AUTOMATION IN POWER DISTRIBUTION
The demand for electrical energy is ever increasing. Today over 21% (theft apart!!) of the total electrical energy generated in India is lost in transmission (4-6%) and distribution (15-18%). The electrical power deficit in the country is currently about 18%. Clearly, reduction in distribution losses can reduce this deficit significantly. It is possible to bring down the distribution losses to a 6-8 % level in India with the help of newer technological options (including information technology) in the electrical power distribution sector which will enable better monitoring and control.
How does Power reach us?
Electric power is normally generated at 11-25kV in a power station. To transmit over long distances, it is then stepped-up to 400kV, 220kV or 132kV as necessary. Power is carried through a transmission network of high voltage lines. Usually, these lines run into hundreds of kilometres and deliver the power into a common power pool called the grid. The grid is connected to load centres (cities) through a sub-transmission network of normally 33kV (or sometimes 66kV) lines. These lines terminate into a 33kV (or 66kV) substation, where the voltage is stepped-down to 11kV for power distribution to load points through a distribution network of lines at 11kV and lower.
The power network, which generally concerns the common man, is the distribution network of 11kV lines or feeders downstream of the 33kV substation. Each 11kV feeder which emanates from the 33kV substation branches further into several subsidiary 11kV feeders to carry power close to the load points (localities, industrial areas, villages, etc.,). At these load points, a transformer further reduces the voltage from 11kV to 415V to provide the last-mile connection through 415V feeders (also called as Low Tension (LT) feeders) to individual customers, either at 240V (as single-phase supply) or at 415V (as three-phase supply). A feeder could be either an overhead line or an underground cable. In urban areas, owing to the density of customers, the length of an 11kV feeder is generally up to 3 km. On the other hand, in rural areas, the feeder length is much larger (up to 20 km). A 415V feeder should normally be restricted to about 0.5-1.0 km. Unduly long feeders lead to low voltage at the consumer end.

Bottlenecks in Ensuring Reliable Power
Lack of information at the base station (33kV sub-station) on the loading and health status of the 11kV/415V transformer and associated feeders is one primary cause of inefficient power distribution. Due to absence of monitoring, overloading occurs, which results in low voltage at the customer end and increases the risk of frequent breakdowns of transformers and feeders. In fact, the transformer breakdown rate in India is as high as around 20%, in contrast to less than 2% in some advanced countries.
In the absence of switches at different points in the distribution network, it is not possible to isolate certain loads for load shedding as and when required. The only option available in the present distribution network is the circuit breaker (one each for every main 11kV feeder) at the 33kV substation. However, these circuit breakers are actually provided as a means of protection to completely isolate the downstream network in the event of a fault. Using this as a tool for load management is not desirable, as it disconnects the power supply to a very large segment of consumers. Clearly, there is a need to put in place a system that can achieve a finer resolution in load management.

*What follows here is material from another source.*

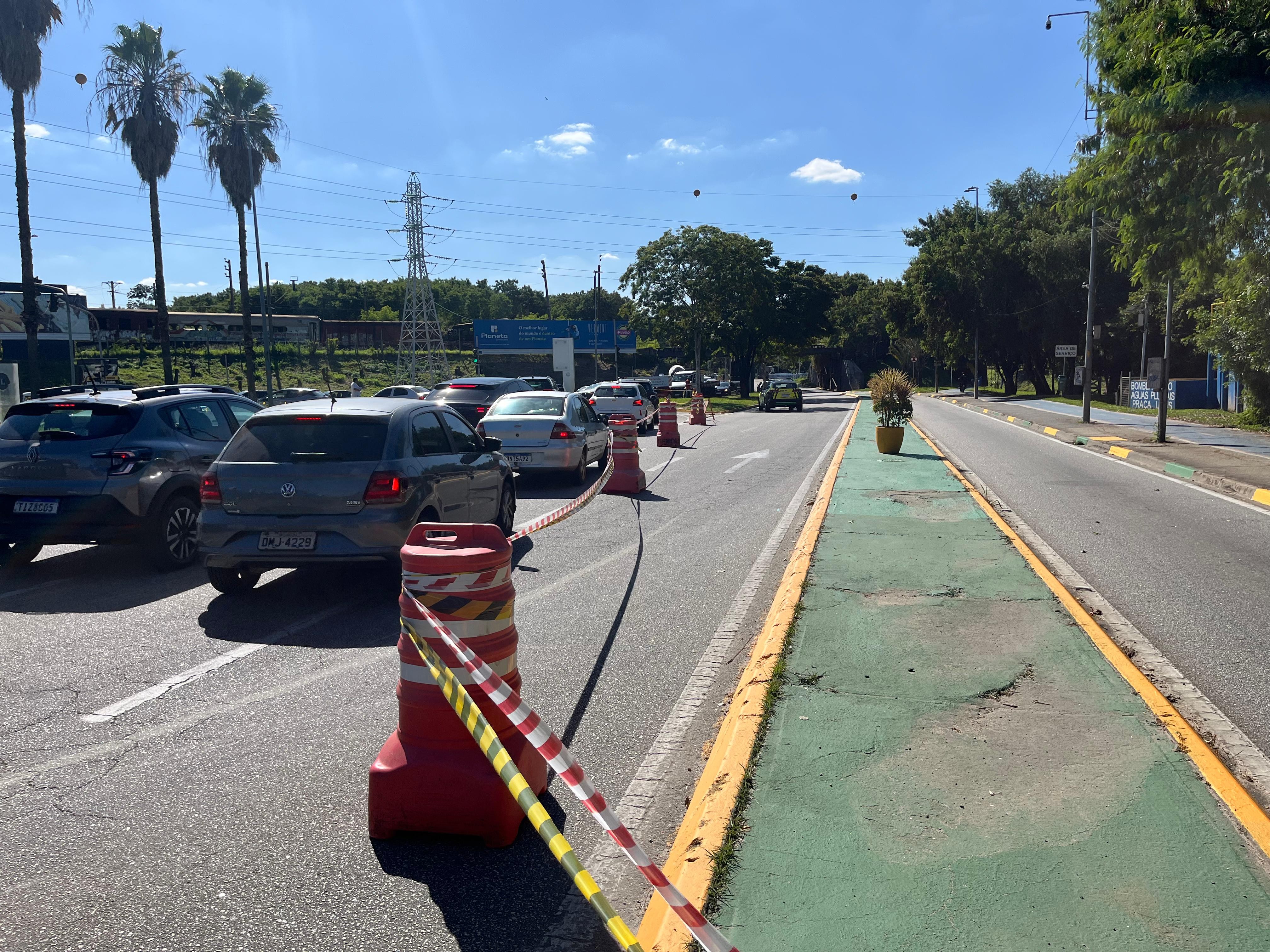 Obra na avenida Dom Aguirre provoca congestionamento na região central de Sorocaba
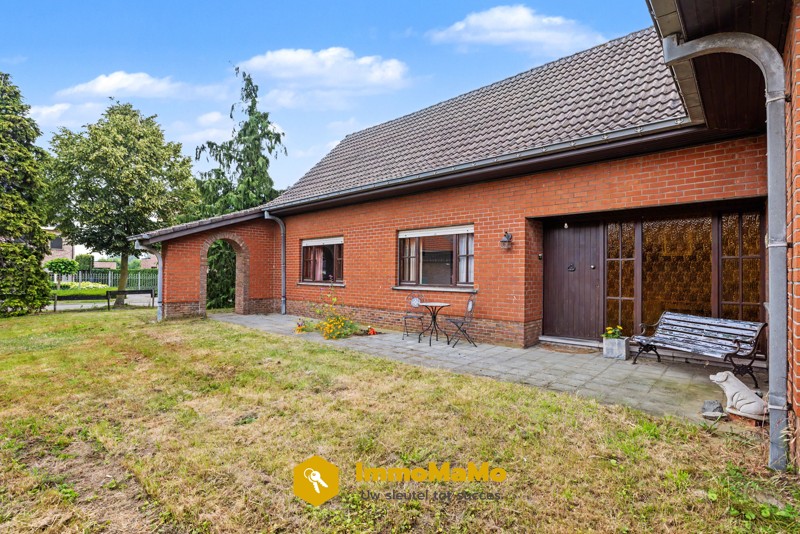 VILLA MET 4 SLAAPKAMERS EN TUIN&WEIDE (3314m²) EN 3 PAARDENSTALLEN - foto 4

In the event of a fault on any feeder section downstream, the circuit breaker at the 33kV substation trips (opens). As a result, there is a blackout over a large section of the distribution network. If the faulty feeder segment could be precisely identified, it would be possible to substantially reduce the blackout area, by re-routing the power to the healthy feeder segments through the operation of switches (of the same type as those for load management) placed at strategic locations in various feeder segments.